The characters in the film Cold Mountain felt the same way as President Lincoln, in my opinion. The film, made in 2003, was based on the novel Cold Mountain, written by Charles Frazier. It was directed by Anthony Minghella. This film has something for almost all movie goers, but it is rated R and may not be suitable for children. The cast include, among many; Nicole Kidman as Miss Ada Monroe, Jude Law as W.P. Inman, Renee Zellweger as Ruby Thewes, and Ray Winstone as Teague.

Cold Mountain, a romantic Civil War drama, is about the life of a proper lady who was moved to Cold Mountain by her father and a man from Cold Mountain who is rough around the edges. The film takes the viewer back-and-forth through the struggles which face each of them throughout the Civil War, and follows them in their journey back to each other. It's filled with battle scenes that demonstrate combats and confrontations between the North and the South, and the personal struggles the characters battle among themselves. Lou Lumenick of the New York Post reviewed Cold Mountain as, "An exquisitely crafted Civil war epic that combines the epic romantic sweep of Gone with the Wind with a more intimate voice that speaks eloquently to the war-weary nation today."
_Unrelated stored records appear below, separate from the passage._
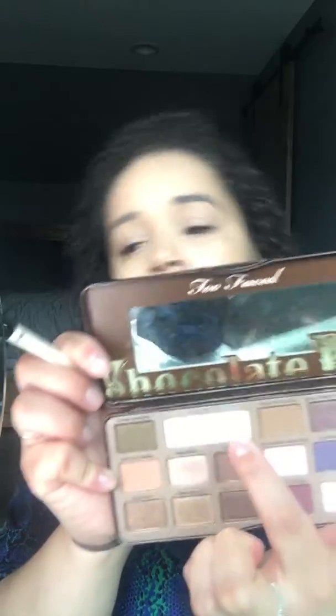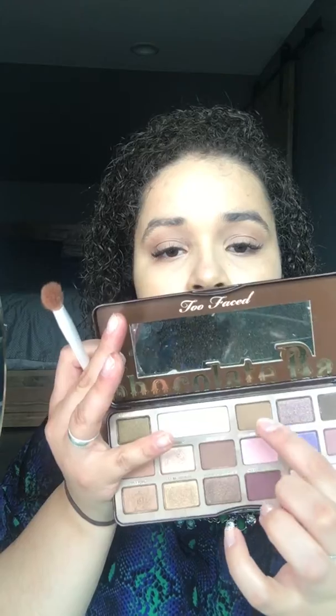Then I'm going to take the Too Faced Chocolate Bar palette. It literally does smell like chocolate! Using a flat shader brush, I'm gonna take this color all over my lid just to set the foundation and concealer I put on my eyelid. If you want to go really simple you can just put bronzer on your eye — I do that too. But I'm going to take this milk chocolate shade and put that into my crease.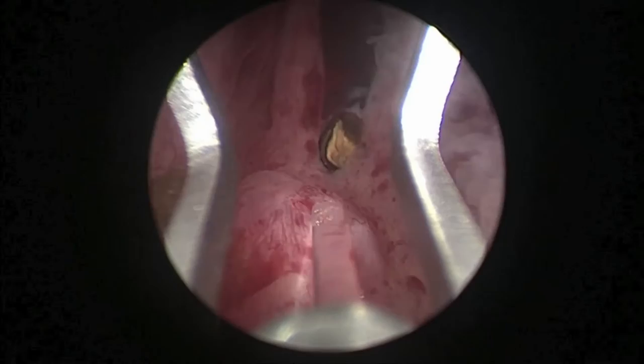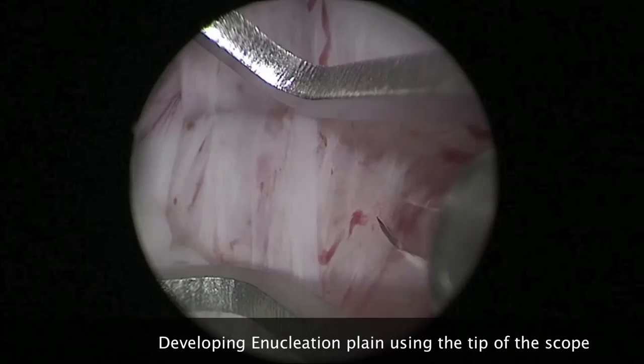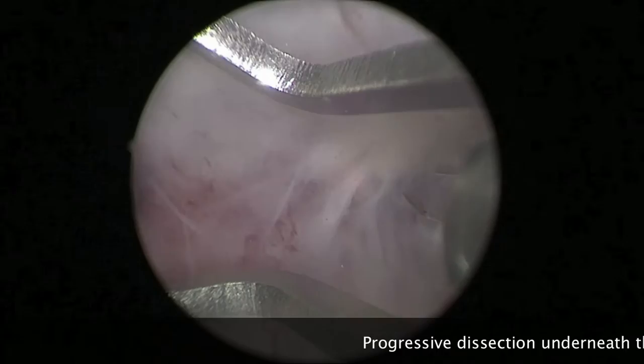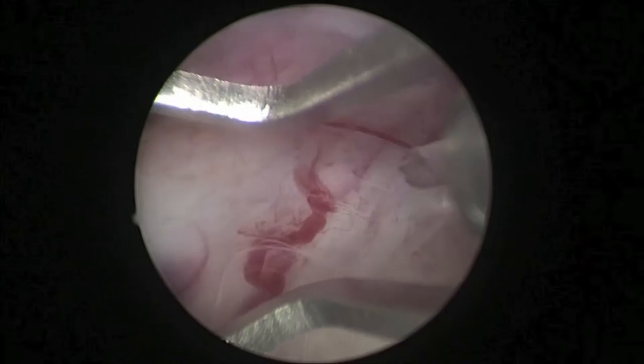The scope is tilted and the mucosa is incised lateral to the verumontanum. Then, developing the enucleation plane using the tip of the scope is planned, with dissection underneath the enucleated adenoma. Progressing the dissection underneath the adenoma continues. It is a laser-assisted procedure. The adenoma is put under tension and the laser beam is used to dissect any attachment between the adenoma and the surgical capsule.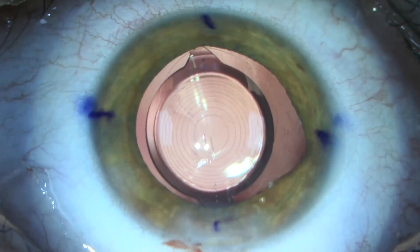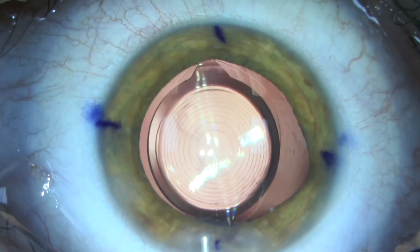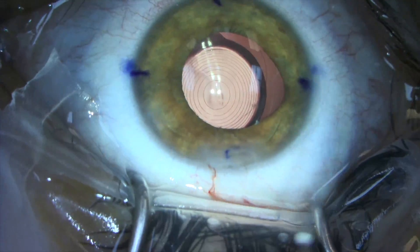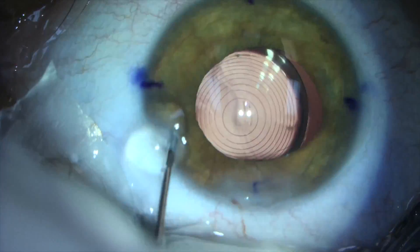Her pupil has been pharmacologically dilated to allow us to remove the cataract and insert a symphony lens implant. Once the implant is aligned and centered, we instill myostat to bring her pupil back to its normal conformation. A 9-0 prolene suture, shown here, will be used to repair the pupil and iris defect.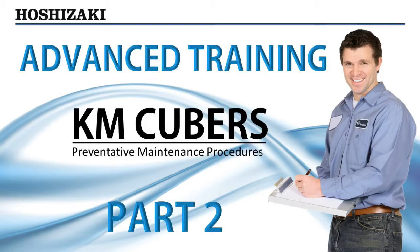The following preventative maintenance checks will help keep Hoshizaki KM Series Cubers dependable and serviceable for many years.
In the film, I found not only significant historical inaccuracies, but I also noticed small blunders, which are not as noticeable unless you are looking for them. In all the battle scenes I noticed the American flag was the fifty star flag. The movie was supposed to take place in the 1860's. At that time, there were only 35 states in the union, so the flag used in the movie was inaccurate.

The battle scenes were shot well, and seemed to be realistic.

The North laid explosives under the southern defense in order to create a crater. It worked to their advantage because it surprised the southern soldiers, and put them at an immediate disadvantage. It's an impressive move made by the North, but the plan backfired. When they charged the south, they ran into one of their own 'craters', and demolished some of their own troops. It prevented them from reaching opposing troops, and gave the enemy time to regroup and open fire.

It's a realistic depiction of the battles that took place, but the effects and explosions only show some of the reality. The fighting soldiers were a different story. In the movie, the army consisted of all white men. In the actual battles, there were black soldiers who fought and died for the union. The movie presented a misrepresentation of the army's diversity, and in my opinion, gave no credit to the black soldiers who put their lives on the line. Through research I found opinions on why there were no black soldiers in the movie, and the general consensus seemed to be the simple fact of location. The film was shot in Romania, and it was probably more convenient to have Romanians serve as extras for the movie. . . an understandable motive, but an insincere move.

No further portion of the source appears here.